Buying sentiment has also chilled this week because of greatly reduced expectations that the U.S. Federal Reserve will embark on more stimulus to help the American economic recovery.

The Canadian dollar was down 0.22 of a cent to 100.14 cents US ahead of the release of the March employment report from Statistics Canada. Economists expect the economy cranked out about 10,000 jobs during the month.

U.S. futures were also lower as traders reduced their exposure ahead of the release of the U.S. non-farm payrolls report for March, which is released Good Friday morning when markets will be closed.

Economists expect job creation to come in around 210,000, which would be the fourth month in a row that the economy has turned out more than 200,000 jobs.

The Dow Jones industrial futures fell 50 points to 12,955, the Nasdaq futures were down seven points to 2,729.5 and the S&P 500 futures were off six points to 1,387.2.

The TSX and the Dow registered steep triple digit losses on Wednesday after Spain’s bond yields advanced in the wake of a disappointing set of bond auctions.

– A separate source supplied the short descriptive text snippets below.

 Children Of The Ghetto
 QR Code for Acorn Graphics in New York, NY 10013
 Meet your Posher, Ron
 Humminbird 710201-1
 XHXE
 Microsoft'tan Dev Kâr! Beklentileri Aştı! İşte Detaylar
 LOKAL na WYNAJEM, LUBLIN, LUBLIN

Spain has become the latest point of concern in Europe’s debt crisis as investors are concerned over the ability of the government to push through its big austerity program at a time when its economy is heading for a return to recession and unemployment is standing at around 23%. The yield on the country’s 10-year bond pushed up a further 0.07 percentage point to 5.73% Thursday.

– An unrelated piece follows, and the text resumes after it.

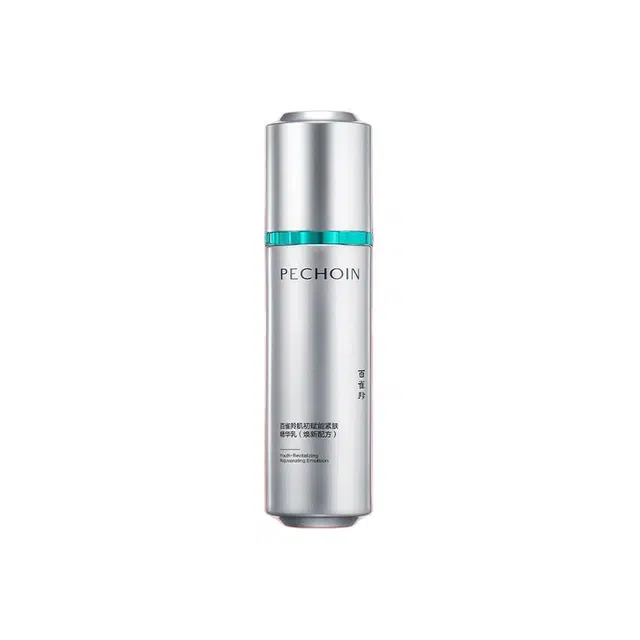 100ml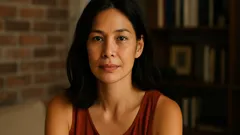 Mylene Dizon’s Unique Stand on Inheritance and Marriage Inspires Debate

Also on Thursday, France saw its borrowing costs rise slightly as it sold €8.44 billion in a long-term bond auction.

The largest issue was of 10-year bonds, for which the yield rose from 2.91% to 2.98% when it was sold last month.

Europe has weighed on markets for most of this week after purchasing managers data indicated the eurozone is facing recession.

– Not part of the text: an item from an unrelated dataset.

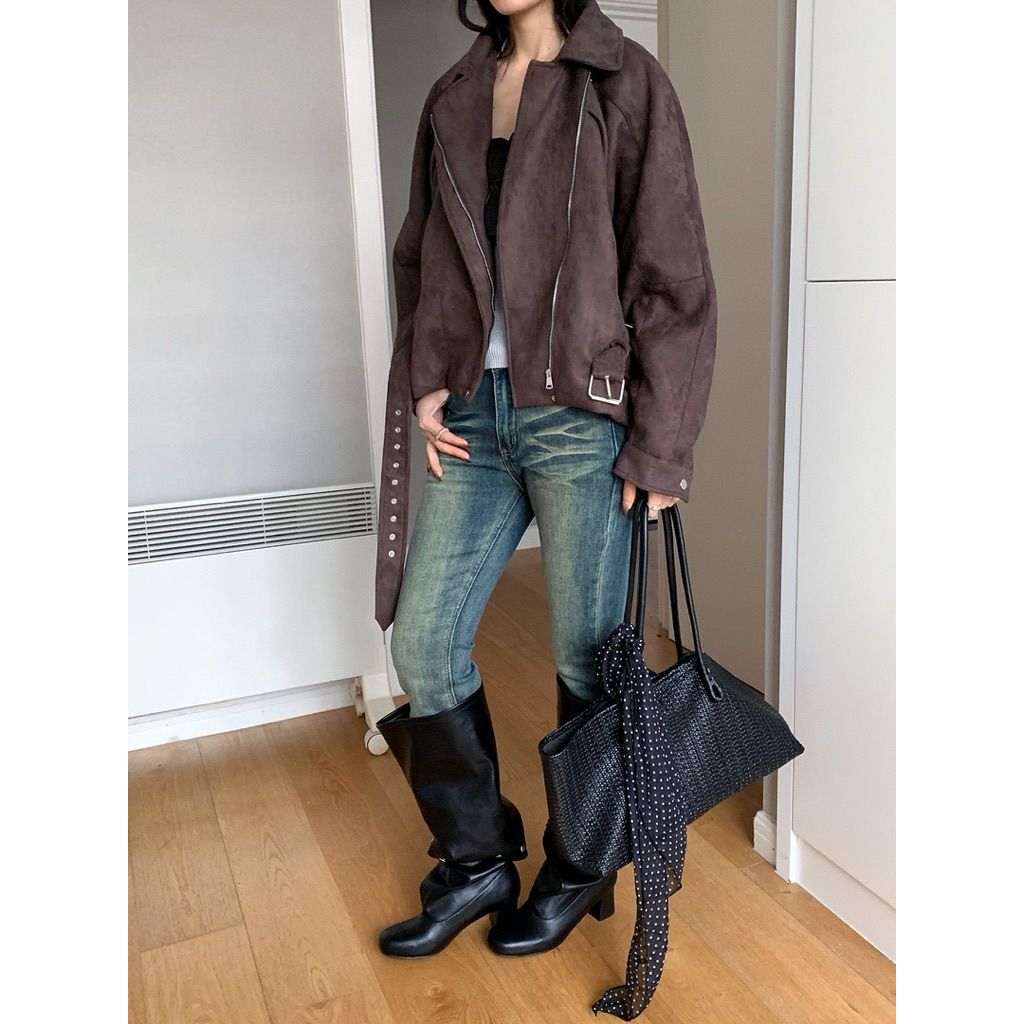 tw-11134207-81zth-mjdv0j1ur47a61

Commodity prices recovered some of the losses incurred over the last two sessions with the May crude contract up 34 cents to US$101.81 after demand concerns drove prices down almost $4 this week.

Copper was up a penny after sliding 13 cents on Wednesday while Gold gained $12.40 to US$1,626.50 an ounce.

European bourses were in the red with London’s FTSE 100 index lost 0.5%, Frankfurt’s DAX moved down 1.09%and the Paris CAC 40 dropped 0.35%.

Earlier in Asia, Japan’s Nikkei 225 index slipped 0.5% while Hong Kong’s Hang Seng fell 1%.

In mainland China, the mood was somewhat different, with the Shanghai Composite Index up 1.7% and the smaller Shenzhen Composite Index closing 3.1% higher.

On the corporate front, Harry Winston Diamond Corp. (TSX:HW) reports consolidated fourth-quarter net profit attributable to shareholders of US$16.6 million or 19 cents per diluted share, compared with US$13.7 million or 16 cents in the prior-year period. Consolidated sales for the three months ended Jan. 31 were US$216 million, up from US$215.4 million.

Fibrek Inc. (TSX:FBK) is asking the Supreme Court of Canada to rule on the defence it has used to fend off a hostile takeover. At issue is the Quebec company’s decision to issue special warrants to its ally, Mercer International Inc. (TSX:MRI.U), to thwart a takeover by Resolute Forest Products (TSX:ABH).